An additional 2,104 migrant children and youths have been reunited with their migrant parents, according to the data recently provided to a judge by the Department of Health and Human Services. But many of their parents may choose to leave some of the 1,2014 children and youths in the United States when judges eject the parents’ asylum pleas.

“There’s a lot of people from Central America who are willing to leave their kids here, rather than take them back,” said Mark Krikorian, the director of the Center for Immigration Studies. He continued:

Especially if there is relative here [in the United States], or if the child is close to 18 and can get a job and send the money home, it makes perfect sense.

It does not mean in every instance that the illegal migrant knew what they are doing and planned to drop their kids off, but it does add some nuance to the sob stories that the media has been retailing.

The high percentage of children deliberately left by their parents contradicts the media’s anguished narrative that the children were cruelly “ripped” from their uncomprehending parents’ arms.

Instead, the data reinforces the abundant evidence that journalists do not want to recognize how poor Central American migrants are rationally exploiting the United State’s asylum system to win green cards and education for their children.

Many wealthy foreign parents, including many Chinese and Russians, use a different strategy to win citizenship for their foreign children.

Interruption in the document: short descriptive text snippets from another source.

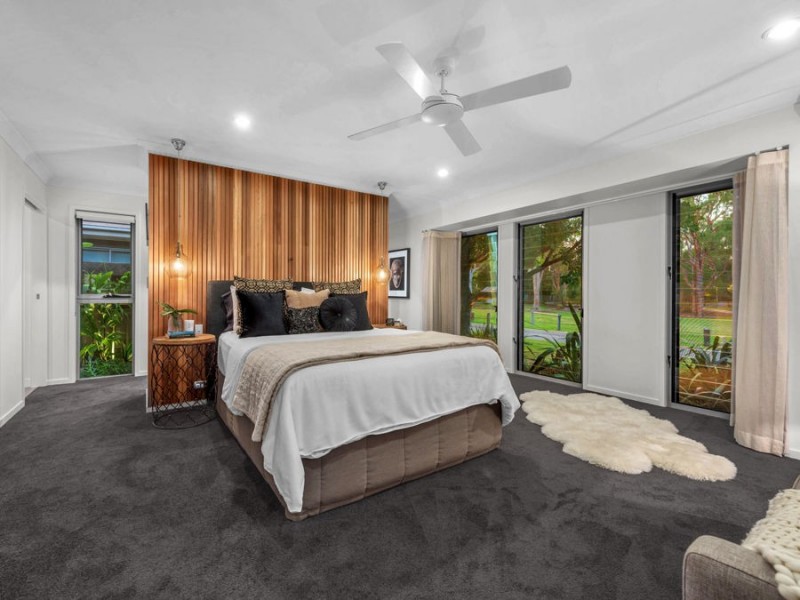 17 Margaret Crescent, Wakerley QLD 4154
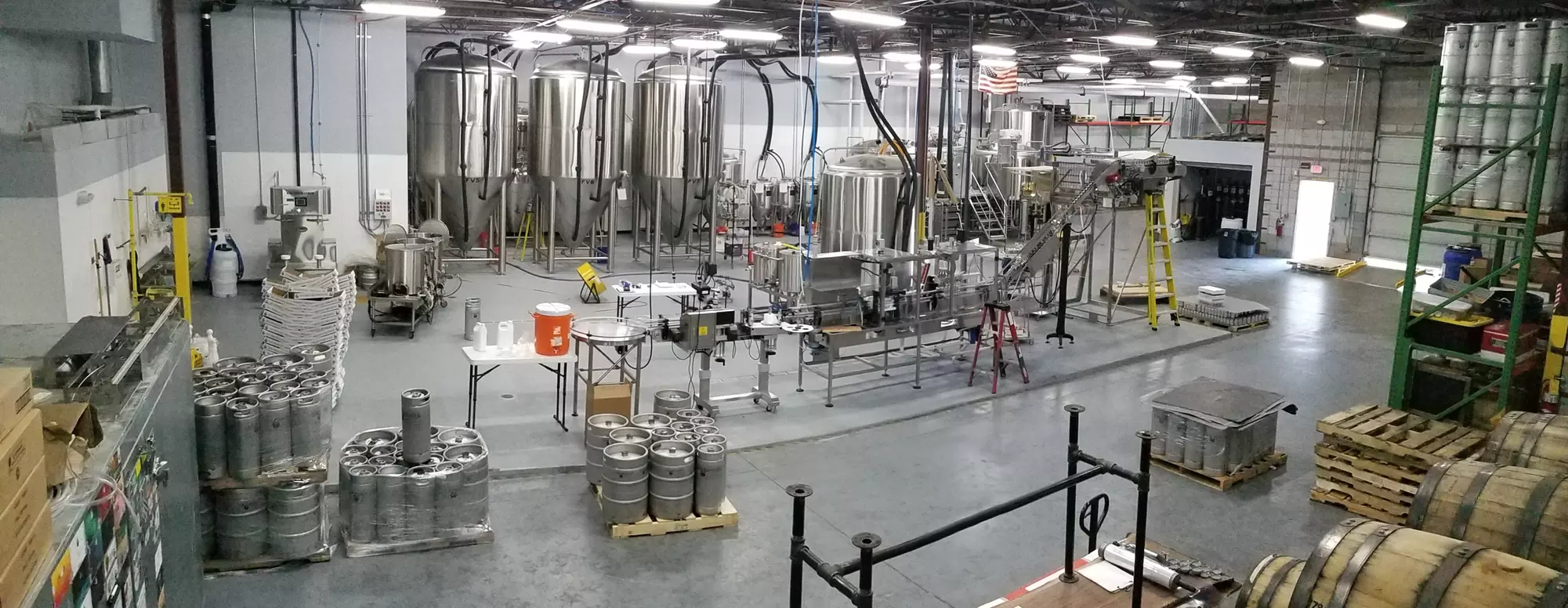 Up to 40% Off Beer Flight and Pint at Six Bridges Brewing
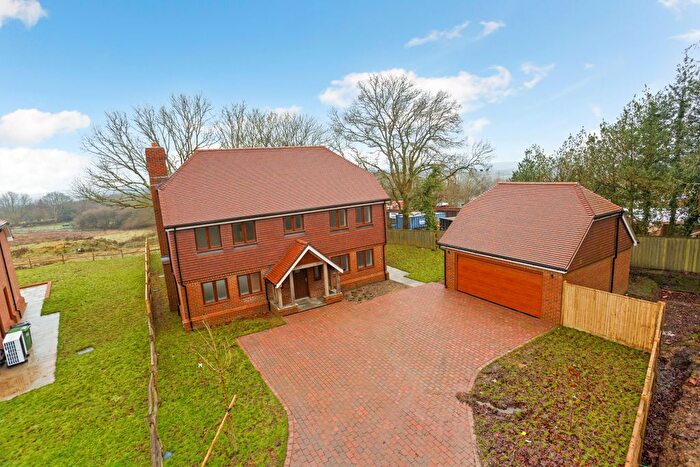 4 Bedroom Detached House For Sale In Rolling Fields View, Heathfield, TN21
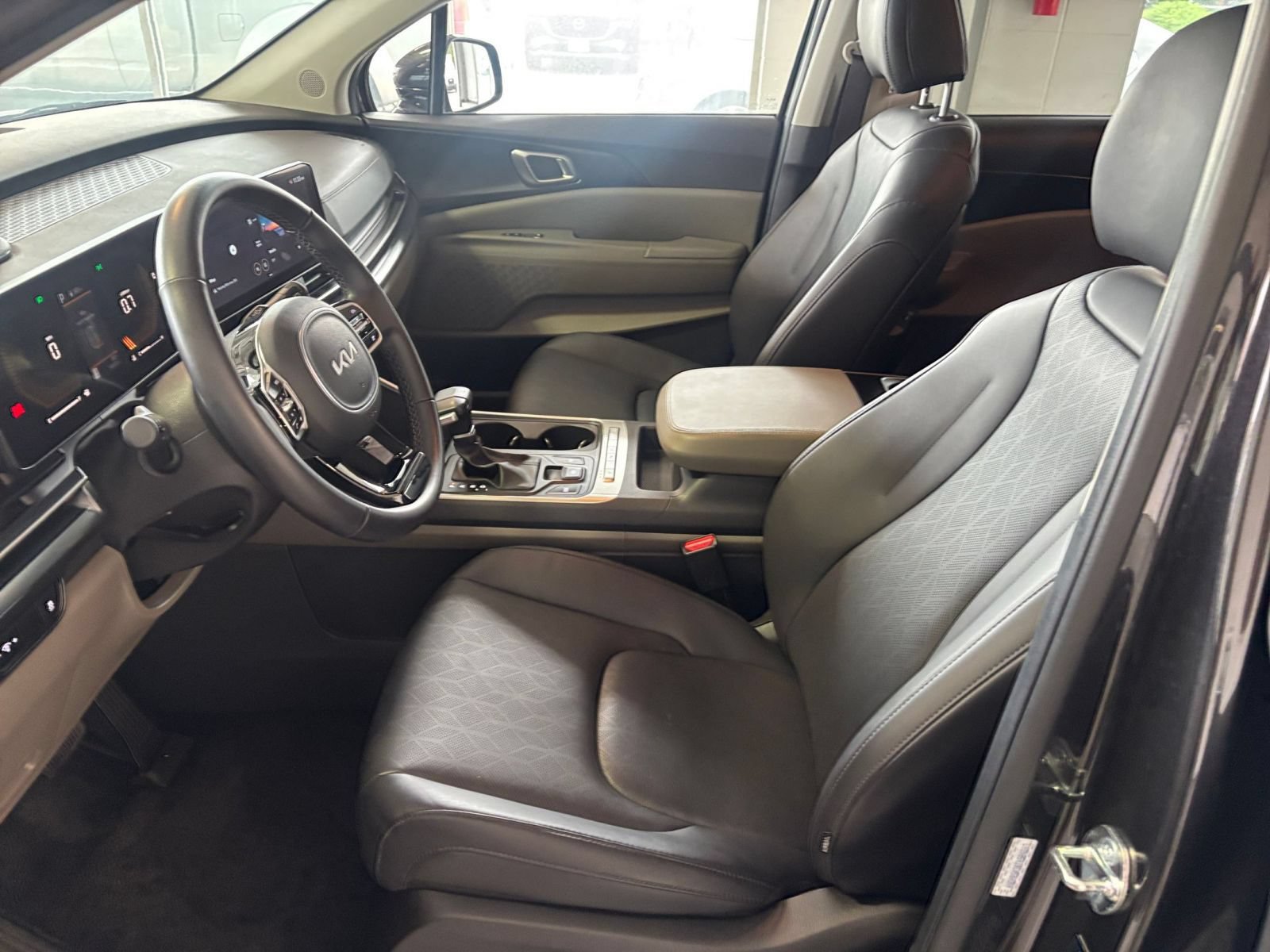 Used 2026 Kia Carnival FWD image 27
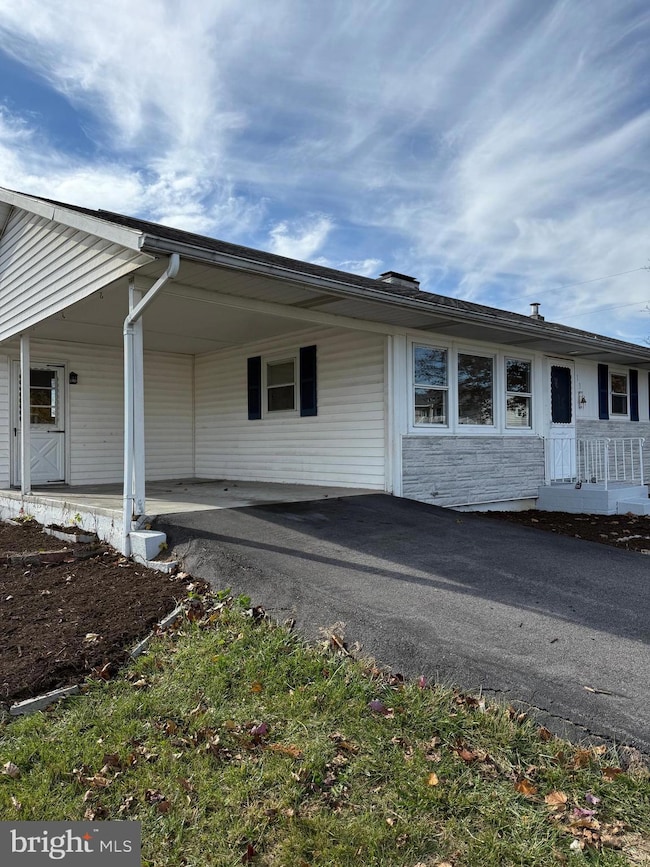 1311 E First St, Cumberland, MD 21502 - photo 3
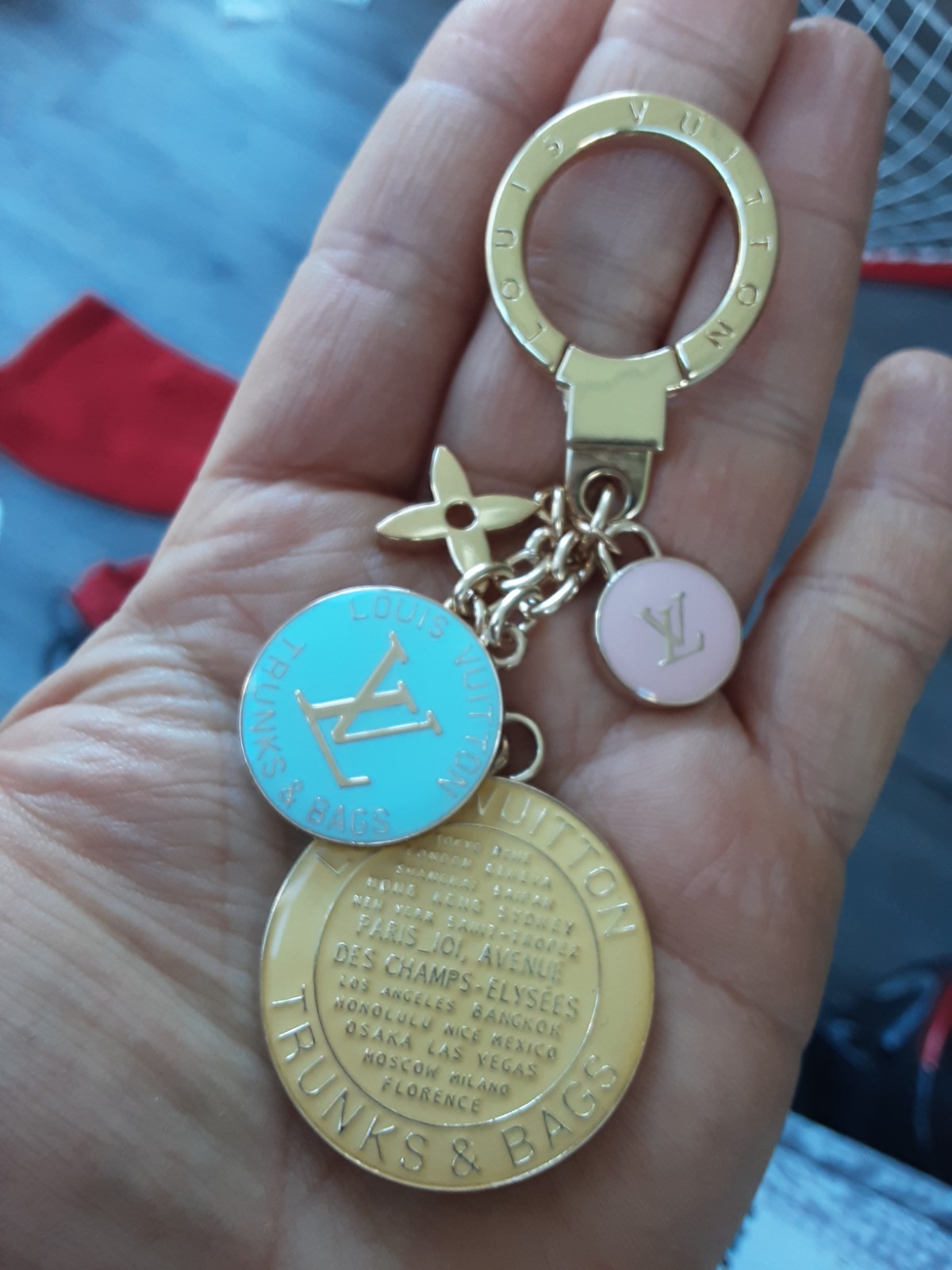 LV Keychain gold / blue / pink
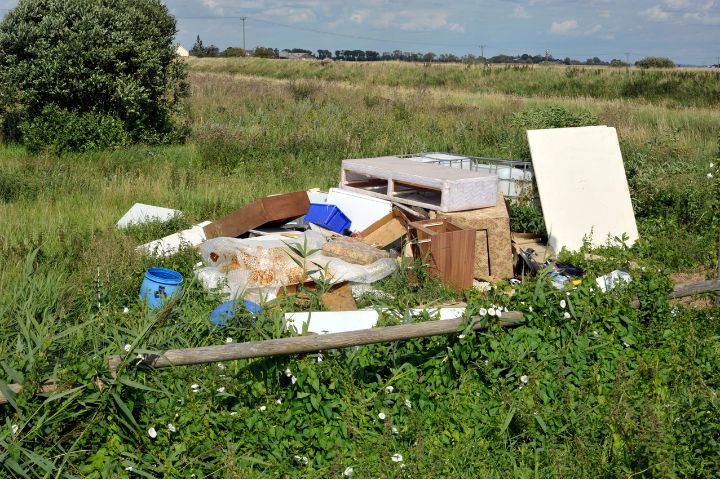 Hidden cameras to tackle illegal rubbish dumping in Flemish Brabant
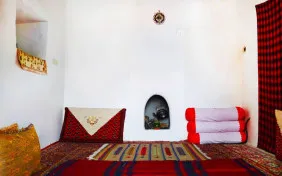 اتاق دو نفره بدون پنجره (اقامت تک)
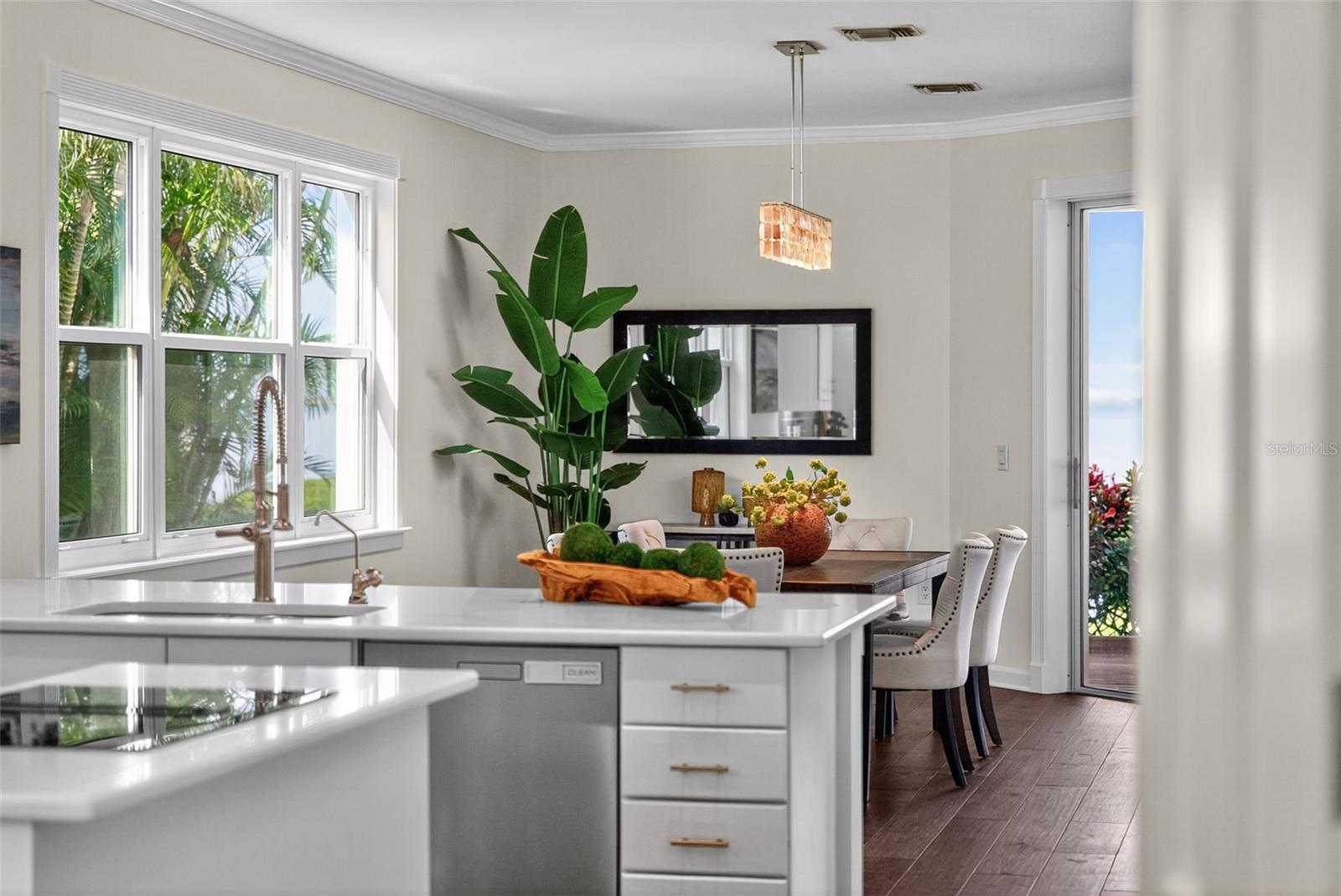 3488 MISTLETOE LN, LONGBOAT KEY, FL, 34228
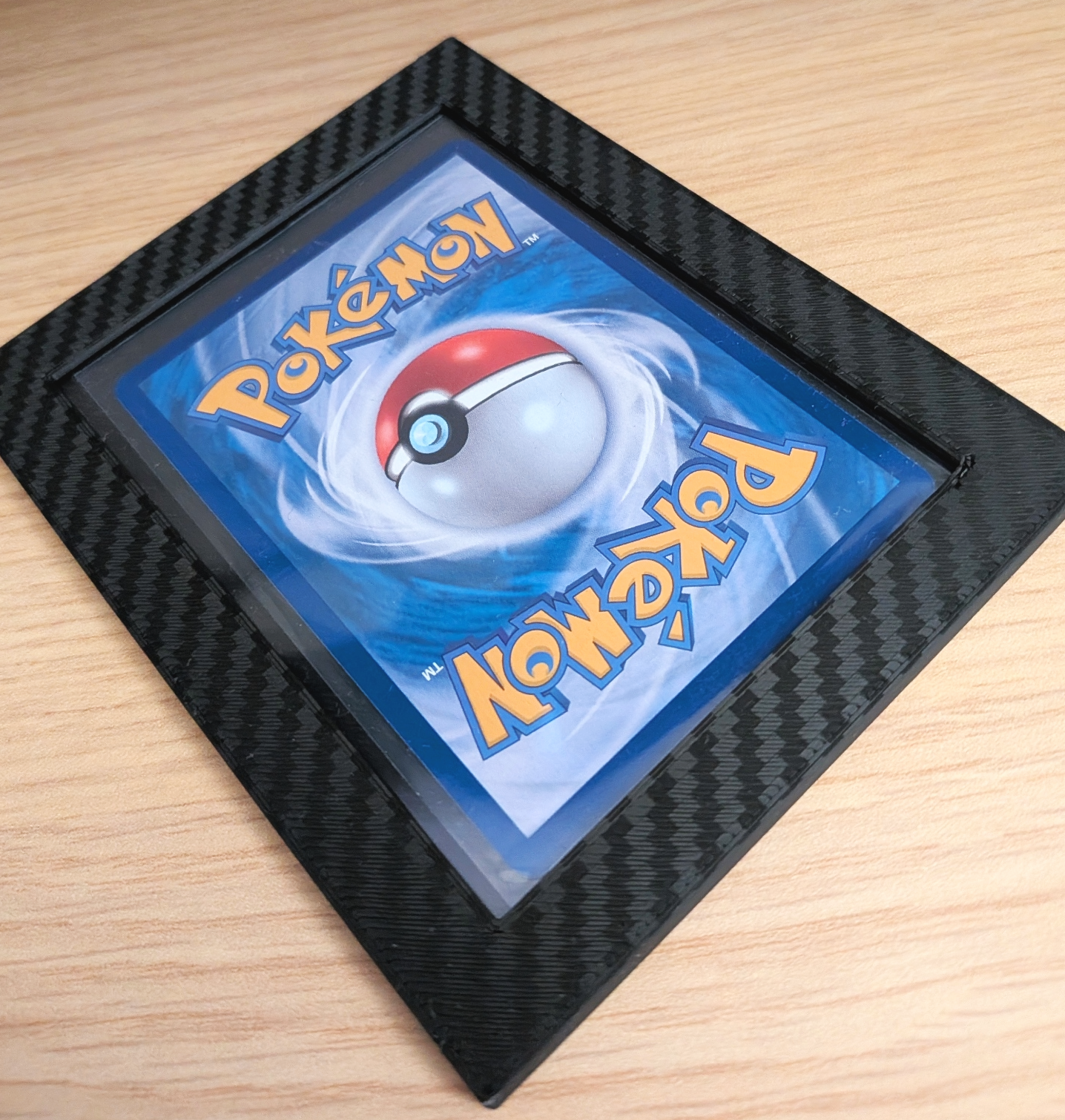 Pokemon Toploader Display Frame inkl. Toploader & zufälliger Karte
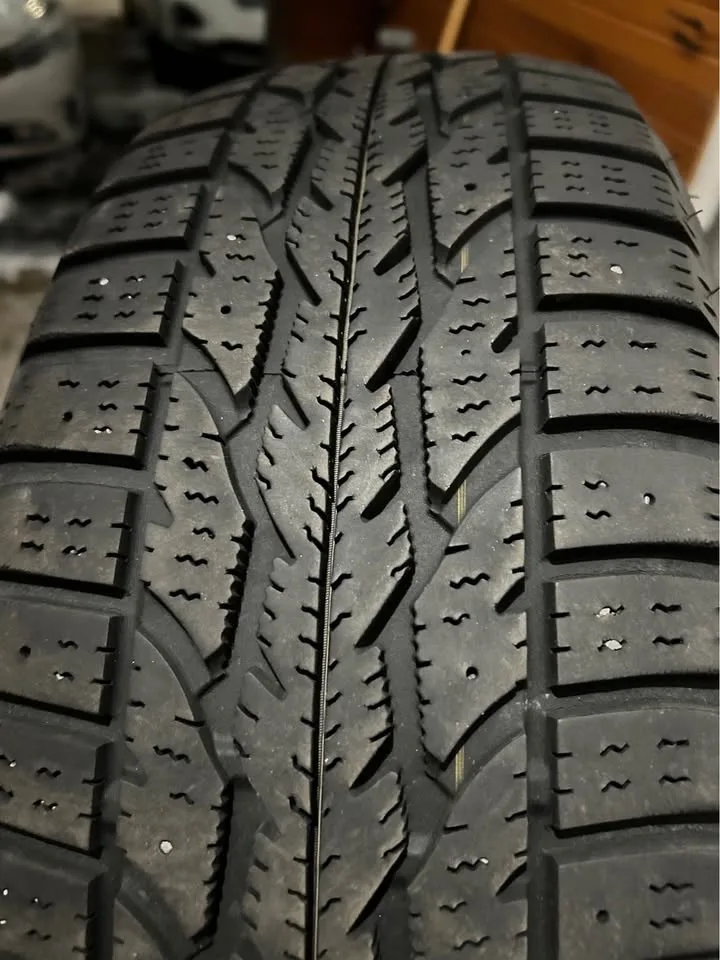Winter Tires for Sale – Excellent Tread – 205/55R16 image indicator(3)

They fly into the United States long enough to give birth on American soil and to pick up their child’s new Social Security Numbers.

The number of abandoned Central American children will likely rise as U.S. immigration courts order the deportation of the remaining 2,o00 migrant parents who were released and reunited with their 2,104 children. Since their release, the 2,000 parents and their 2,104 children are allowed to live and work in the United States until a judge decide their pleas for asylum, likely in 2020 or 2021.

Data from prior years suggest that few of the migrants’ pleas for asylum will be approved by a judge and that most will be ordered home. But the available data also suggest that most migrants skip their final hearing to dodge deportation by the Department of Homeland Security.

“Most of the kids and parents are probably here to stay, and that’s what they and the smugglers and the anti-border activists are counting on,” Krikorian said. “How much effort is ICE going to put into picking up some 12-year-old whose asylum claim has been turned down?”

Trump canceled the zero-tolerance enforcement program in June amid an outpouring of emotional complaints from pro-migration media personalities, pro-migration activists, and from Democratic politicians. The enforcement program was portrayed as a cruel “family separation” program, even though the 2015 Flores judicial agreement approved by President Barack Obama requires that children be housed separately when their parents are detained for longer than 20 days.

Trump announced a new strategy on November 1 to block the growing number of Central American migrants who make asylum requests to help walk past the border guards and into U.S. jobs.

The new plan will use tent cities to detain migrants and their children until their asylum pleas are resolved in as little as 40 days. The plan also replaces the Flores court decision with a new regulation allowing detention of children — with their parents — for more than 20 days.

The plan was praised by Krikorian. ‘They should not be releasing anyone who applies for asylum in the first place … The goal should be that every asylum applicant is held during the entire course of the proceedings,” he said, but added that pro-migration groups will likely get friendly judges to block the plan.

The HHS data sheet shows that 2,104 children have been released from the agency’s Office of Refugee Resettlement and then reunited with their migrant parents prior to court hearings.

The HHS data also shows that the group of roughly 500 abandoned children and youths is comprised of:

One hundred and eighteen children who have been left in government care by their parents since the parents’ deportation, according to a count by the Ameican Civil Liberties Union.

Forty-three additional children remain in government care “because further review shows they were not separated from parents by DHS.”

Thirty-three additional children are “in [government] care where a final determination has been made they cannot be reunified because the parent is unfit or presents a danger to the child.”

Thirty-three children are in government care while the parents are outside the United States.

Another 14 children have parents in the United States but have not been reunited with their parents, for reasons that are unexplained by HHS.

Three hundred children have been released from HHS because they have become adults who can file for asylum themselves, or because they are being sheltered by other people, mostly the relatives of the migrants. The released children and youths are free to work in Americans’ workplaces and to use Americans’ schools. Some of those children and youths may be living close to or with their released parents prior to their asylum hearings.

If the 300 are excluded from the overall tally, the number of left-behind children remains at 200.

 

Overall, Washington’s economic policy of using migration to boost economic growth shifts wealth from young people towards older people by flooding the market with cheap white-collar and blue-collar foreign labor. That flood of outside labor spikes profits and Wall Street values by cutting salaries for manual and skilled labor offered by blue-collar and white-collar employees.

The policy also drives up real estate priceswidens wealth-gaps, reduces high-tech investment, increases state and local tax burdens, hurts kids’ schools and college education, pushes Americans away from high-tech careers, and sidelined millions of marginalized Americans and their families, including many who are now struggling with opioid addictions.